#### [What you have to do]
All of the data below should come back exactly as written, minus its images.

#### [Collected data]
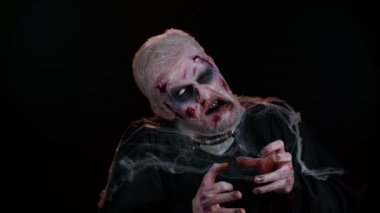 Korkunç korkunç Cadılar Bayramı zombi makyajlı uğursuz adam kasılmalarla yüzünü korkutmaya çalışıyor.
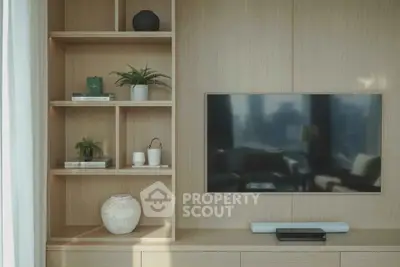 Modern living room with built-in shelves and flat-screen TV, perfect for stylish urban living.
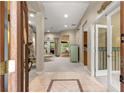 View of the tiled foyer leading to the living room and kitchen, showcasing an open layout at 4465 Se 48Th Place Rd, Ocala, FL 34480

#### [Exercise solution]
 Korkunç korkunç Cadılar Bayramı zombi makyajlı uğursuz adam kasılmalarla yüzünü korkutmaya çalışıyor.
 Modern living room with built-in shelves and flat-screen TV, perfect for stylish urban living.
 View of the tiled foyer leading to the living room and kitchen, showcasing an open layout at 4465 Se 48Th Place Rd, Ocala, FL 34480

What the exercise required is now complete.